Access to European biobanks is key for the successful development of precision medicine. To demonstrate capability and feasibility of European biobanks, BBMRI-ERIC is piloting a use case of a large colorectal cancer cohort (CRC-Cohort) consisting of tumor tissue samples with rich diagnostic and treatment data from various biobanks across Europe. The CRC-Cohort is developed as part of the EU-funded ADOPT BBMRI-ERIC project and will become a permanent asset of BBMRI-ERIC after completion of the project. As a long-term joint European endeavour, it enables existing, well-established biobanks to connect with BBMRI-ERIC and to obtain increased recognition and visibility for their research assets, which is further expected to bring along new users and novel data.
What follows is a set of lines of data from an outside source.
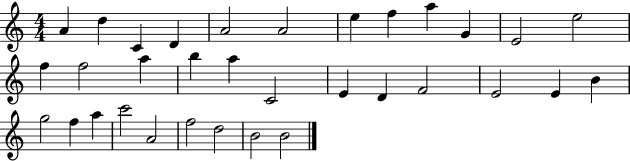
A4/q D5/q C4/q D4/q A4/h A4/h E5/q F5/q A5/q G4/q E4/h E5/h F5/q F5/h A5/q B5/q A5/q C4/h E4/q D4/q F4/h E4/h E4/q B4/q G5/h F5/q A5/q C6/h A4/h F5/h D5/h B4/h B4/h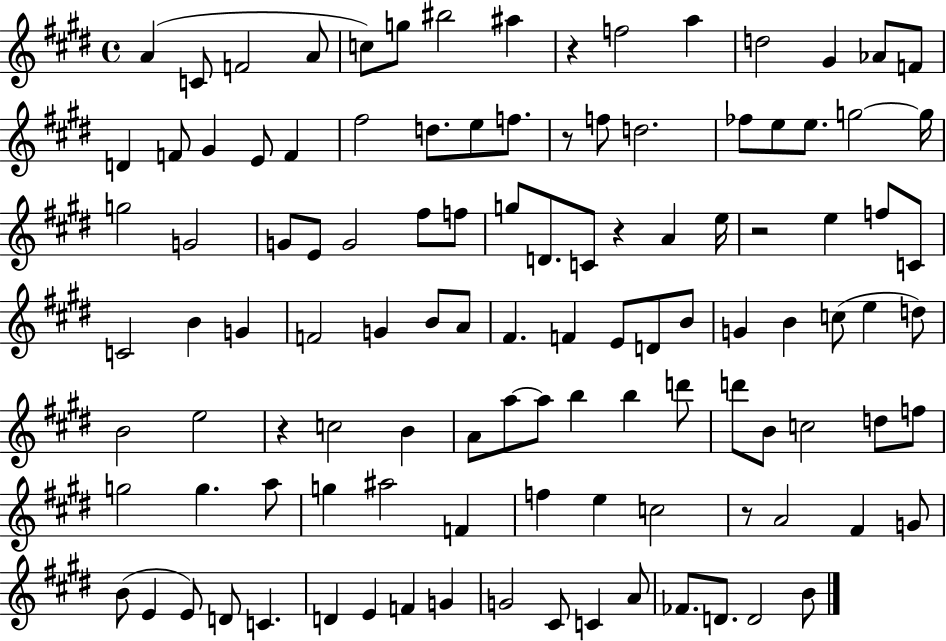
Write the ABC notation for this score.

X:1
T:Untitled
M:4/4
L:1/4
K:E
A C/2 F2 A/2 c/2 g/2 ^b2 ^a z f2 a d2 ^G _A/2 F/2 D F/2 ^G E/2 F ^f2 d/2 e/2 f/2 z/2 f/2 d2 _f/2 e/2 e/2 g2 g/4 g2 G2 G/2 E/2 G2 ^f/2 f/2 g/2 D/2 C/2 z A e/4 z2 e f/2 C/2 C2 B G F2 G B/2 A/2 ^F F E/2 D/2 B/2 G B c/2 e d/2 B2 e2 z c2 B A/2 a/2 a/2 b b d'/2 d'/2 B/2 c2 d/2 f/2 g2 g a/2 g ^a2 F f e c2 z/2 A2 ^F G/2 B/2 E E/2 D/2 C D E F G G2 ^C/2 C A/2 _F/2 D/2 D2 B/2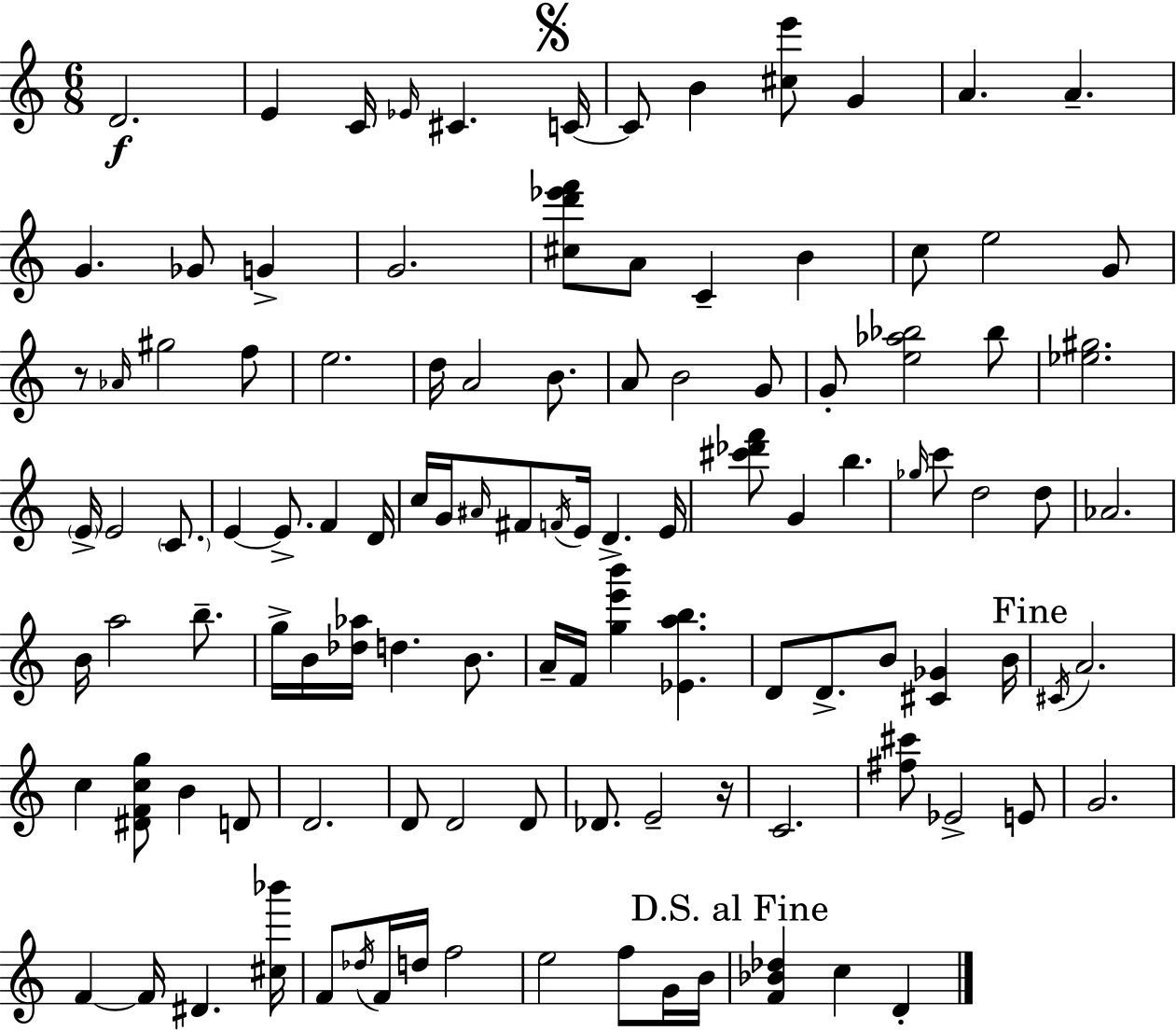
D4/h. E4/q C4/s Eb4/s C#4/q. C4/s C4/e B4/q [C#5,E6]/e G4/q A4/q. A4/q. G4/q. Gb4/e G4/q G4/h. [C#5,D6,Eb6,F6]/e A4/e C4/q B4/q C5/e E5/h G4/e R/e Ab4/s G#5/h F5/e E5/h. D5/s A4/h B4/e. A4/e B4/h G4/e G4/e [E5,Ab5,Bb5]/h Bb5/e [Eb5,G#5]/h. E4/s E4/h C4/e. E4/q E4/e. F4/q D4/s C5/s G4/s A#4/s F#4/e F4/s E4/s D4/q. E4/s [C#6,Db6,F6]/e G4/q B5/q. Gb5/s C6/e D5/h D5/e Ab4/h. B4/s A5/h B5/e. G5/s B4/s [Db5,Ab5]/s D5/q. B4/e. A4/s F4/s [G5,E6,B6]/q [Eb4,A5,B5]/q. D4/e D4/e. B4/e [C#4,Gb4]/q B4/s C#4/s A4/h. C5/q [D#4,F4,C5,G5]/e B4/q D4/e D4/h. D4/e D4/h D4/e Db4/e. E4/h R/s C4/h. [F#5,C#6]/e Eb4/h E4/e G4/h. F4/q F4/s D#4/q. [C#5,Bb6]/s F4/e Db5/s F4/s D5/s F5/h E5/h F5/e G4/s B4/s [F4,Bb4,Db5]/q C5/q D4/q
The target of the CRC-Cohort project is to gather comprehensive datasets together with tissue material (frozen and/or FFPE) of 10,000 existing colon cancer patients from selected European biobanks. Defined by an international group of colorectal cancer experts, a broad clinical database structured in our CRC-Cohort data model will be soon centrally available for the research community to query and identify their specific research questions in colorectal cancer. In practice, BBMRI-ERIC operates as a facilitator providing access to the centrally stored, anonymised data, while access to any specific samples or additional data will be granted by the local biobanks based on their standard access procedures.
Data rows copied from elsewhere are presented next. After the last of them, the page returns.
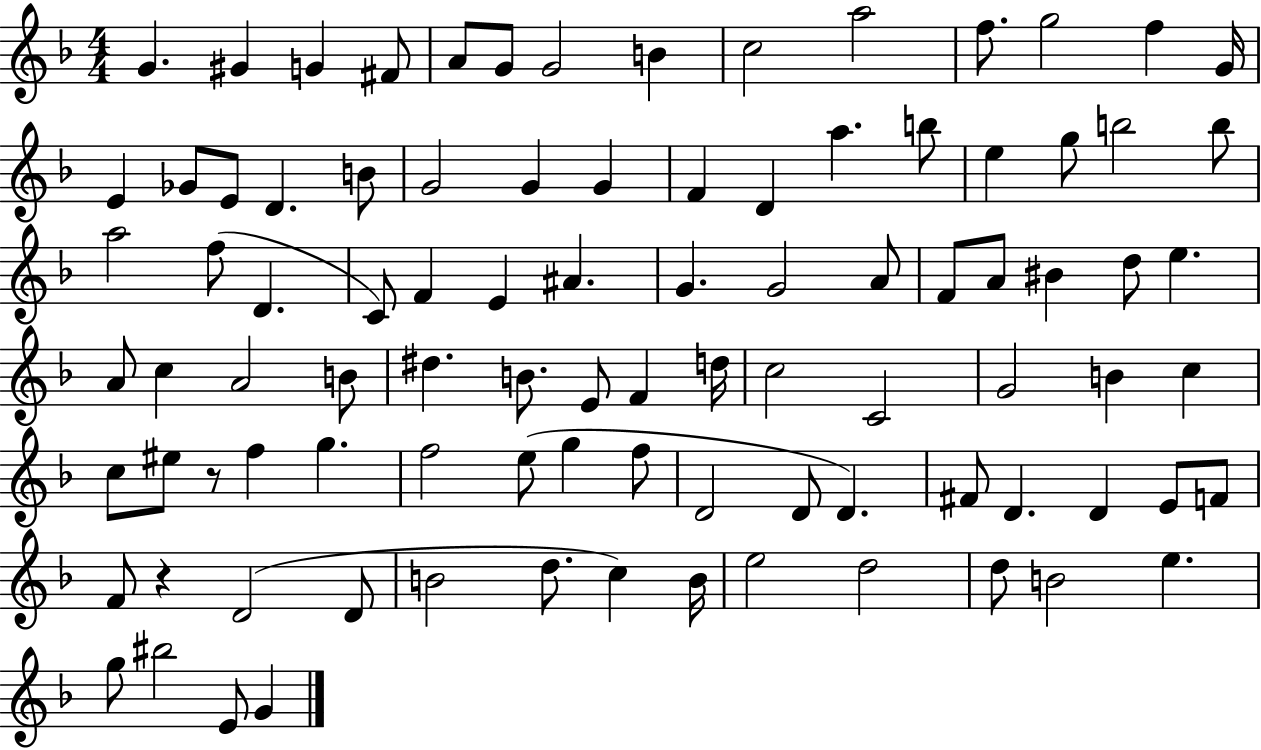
{
  \clef treble
  \numericTimeSignature
  \time 4/4
  \key f \major
  g'4. gis'4 g'4 fis'8 | a'8 g'8 g'2 b'4 | c''2 a''2 | f''8. g''2 f''4 g'16 | \break e'4 ges'8 e'8 d'4. b'8 | g'2 g'4 g'4 | f'4 d'4 a''4. b''8 | e''4 g''8 b''2 b''8 | \break a''2 f''8( d'4. | c'8) f'4 e'4 ais'4. | g'4. g'2 a'8 | f'8 a'8 bis'4 d''8 e''4. | \break a'8 c''4 a'2 b'8 | dis''4. b'8. e'8 f'4 d''16 | c''2 c'2 | g'2 b'4 c''4 | \break c''8 eis''8 r8 f''4 g''4. | f''2 e''8( g''4 f''8 | d'2 d'8 d'4.) | fis'8 d'4. d'4 e'8 f'8 | \break f'8 r4 d'2( d'8 | b'2 d''8. c''4) b'16 | e''2 d''2 | d''8 b'2 e''4. | \break g''8 bis''2 e'8 g'4 | \bar "|."
}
Collection of the CRC-Cohort datasets across Europe has been a great learning experience. The heterogeneity and magnitude of various administrative and regulatory procedures in a multinational setting together with certain organisational, communicational and IT challenges have occasionally delayed the collection process. After overcoming these hurdles, the data collection process is currently making good progress with over 5000 colorectal cancer cases having been validated and uploaded to the central database.
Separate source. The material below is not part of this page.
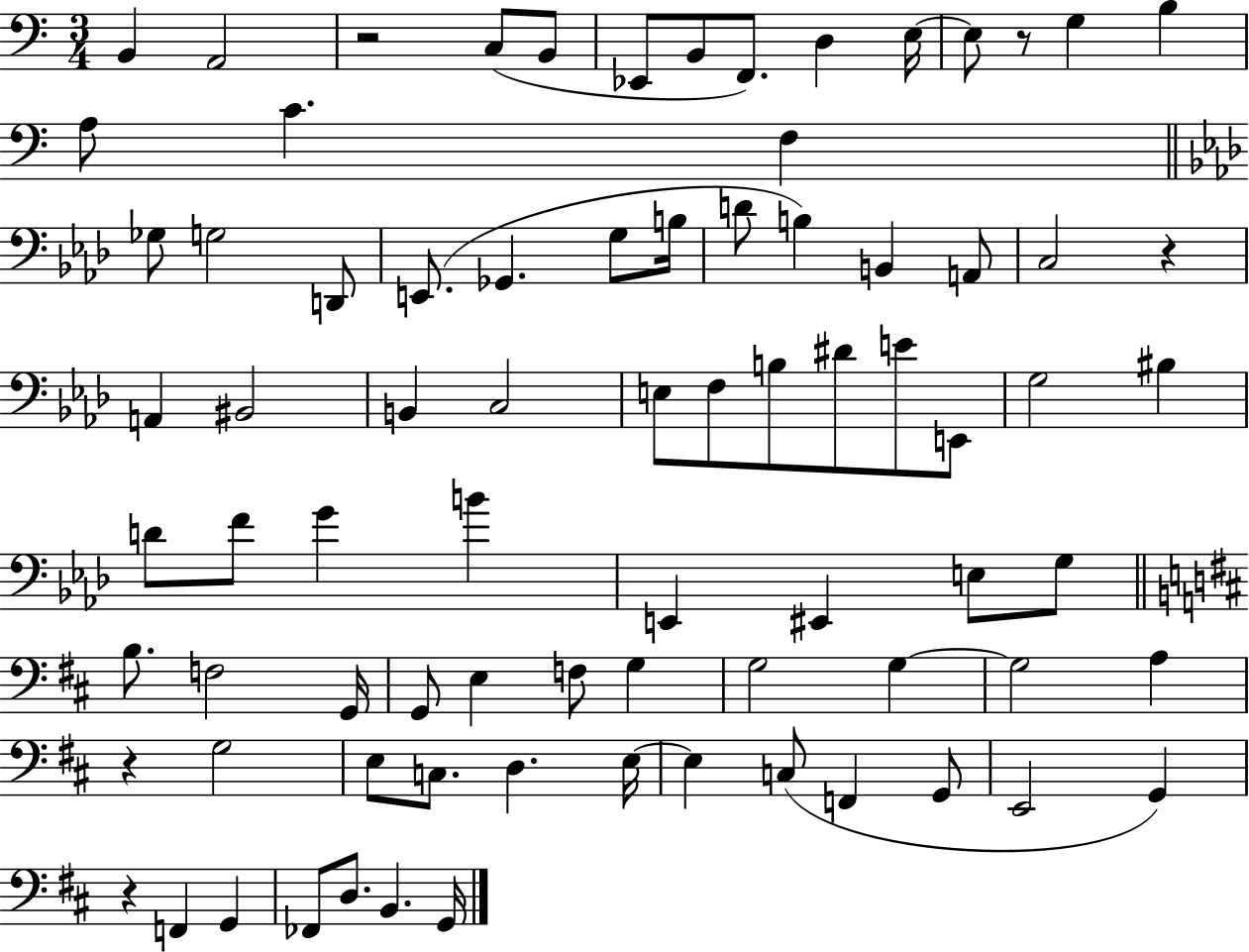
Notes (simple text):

B2/q A2/h R/h C3/e B2/e Eb2/e B2/e F2/e. D3/q E3/s E3/e R/e G3/q B3/q A3/e C4/q. F3/q Gb3/e G3/h D2/e E2/e. Gb2/q. G3/e B3/s D4/e B3/q B2/q A2/e C3/h R/q A2/q BIS2/h B2/q C3/h E3/e F3/e B3/e D#4/e E4/e E2/e G3/h BIS3/q D4/e F4/e G4/q B4/q E2/q EIS2/q E3/e G3/e B3/e. F3/h G2/s G2/e E3/q F3/e G3/q G3/h G3/q G3/h A3/q R/q G3/h E3/e C3/e. D3/q. E3/s E3/q C3/e F2/q G2/e E2/h G2/q R/q F2/q G2/q FES2/e D3/e. B2/q. G2/s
The CRC-Cohort is expected to enable high-quality research and innovation that will help improve colorectal cancer treatment and facilitate precision medicine. The CRC-cohort as such is not restricted to any specific research approach, it will enable a large spectrum of different types of research. Furthermore, the procedures and the IT tools developed within the cohort are expected to be reusable in subsequent efforts focusing on different disease entities. The lessons learned in the context of the CRC-Cohort are expected to greatly facilitate similar efforts in the future.
The ADOPT project has received funding from the European Union’s Horizon 2020 research and innovation programme under grant agreement No 676550.